- _ASSIGNMENT_
Whenever a picture appears, leave it out while repeating all the other data exactly.

....

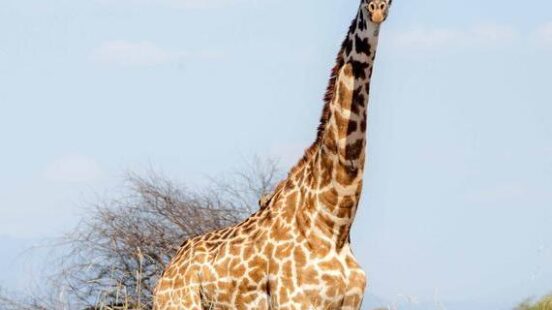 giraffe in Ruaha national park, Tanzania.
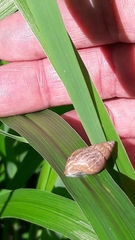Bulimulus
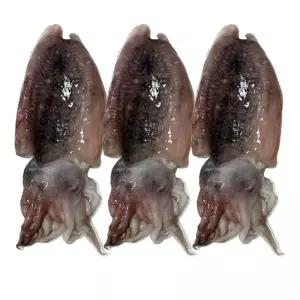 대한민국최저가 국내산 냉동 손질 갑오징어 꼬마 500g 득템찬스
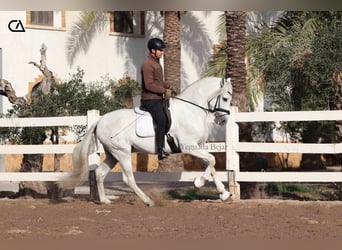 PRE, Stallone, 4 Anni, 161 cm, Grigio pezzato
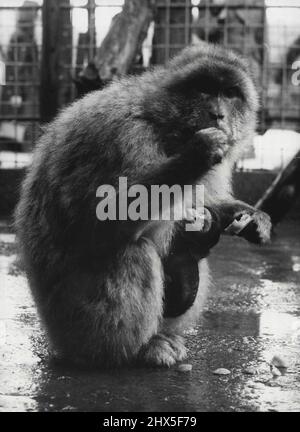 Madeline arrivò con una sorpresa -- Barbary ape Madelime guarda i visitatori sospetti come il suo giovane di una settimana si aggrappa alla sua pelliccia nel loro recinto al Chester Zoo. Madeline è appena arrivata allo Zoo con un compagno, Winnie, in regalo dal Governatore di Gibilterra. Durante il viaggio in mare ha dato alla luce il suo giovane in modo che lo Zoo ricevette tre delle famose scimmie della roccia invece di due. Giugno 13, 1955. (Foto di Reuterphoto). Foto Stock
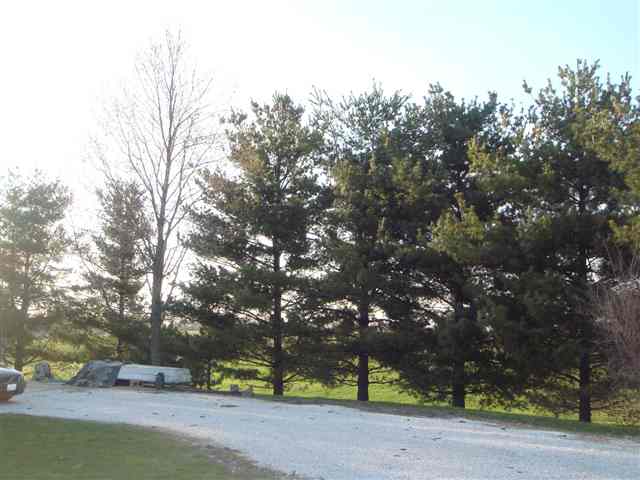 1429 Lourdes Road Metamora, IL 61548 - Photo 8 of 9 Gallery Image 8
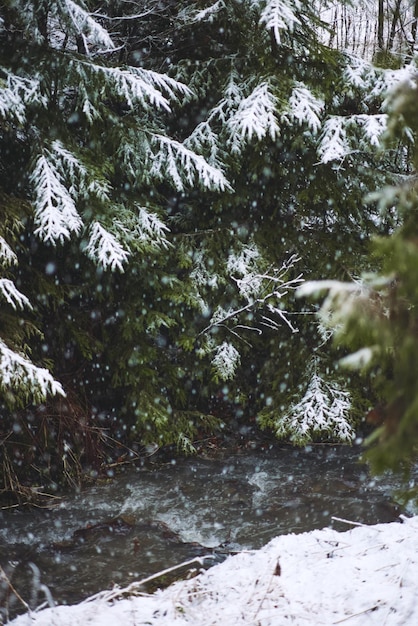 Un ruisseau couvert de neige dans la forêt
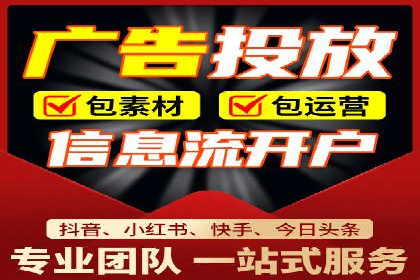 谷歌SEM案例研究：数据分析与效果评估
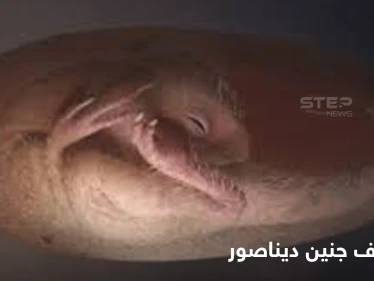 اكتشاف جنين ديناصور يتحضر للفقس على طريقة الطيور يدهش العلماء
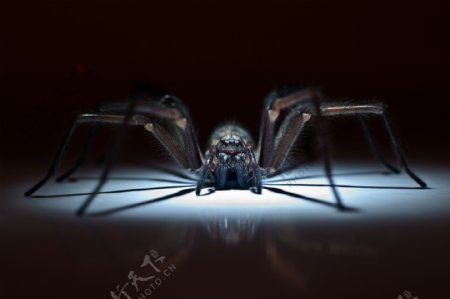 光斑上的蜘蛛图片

....

- _RESPONSE_
 giraffe in Ruaha national park, Tanzania.
Bulimulus
 대한민국최저가 국내산 냉동 손질 갑오징어 꼬마 500g 득템찬스
 PRE, Stallone, 4 Anni, 161 cm, Grigio pezzato
 Madeline arrivò con una sorpresa -- Barbary ape Madelime guarda i visitatori sospetti come il suo giovane di una settimana si aggrappa alla sua pelliccia nel loro recinto al Chester Zoo. Madeline è appena arrivata allo Zoo con un compagno, Winnie, in regalo dal Governatore di Gibilterra. Durante il viaggio in mare ha dato alla luce il suo giovane in modo che lo Zoo ricevette tre delle famose scimmie della roccia invece di due. Giugno 13, 1955. (Foto di Reuterphoto). Foto Stock
 1429 Lourdes Road Metamora, IL 61548 - Photo 8 of 9 Gallery Image 8
 Un ruisseau couvert de neige dans la forêt
 谷歌SEM案例研究：数据分析与效果评估
 اكتشاف جنين ديناصور يتحضر للفقس على طريقة الطيور يدهش العلماء
 光斑上的蜘蛛图片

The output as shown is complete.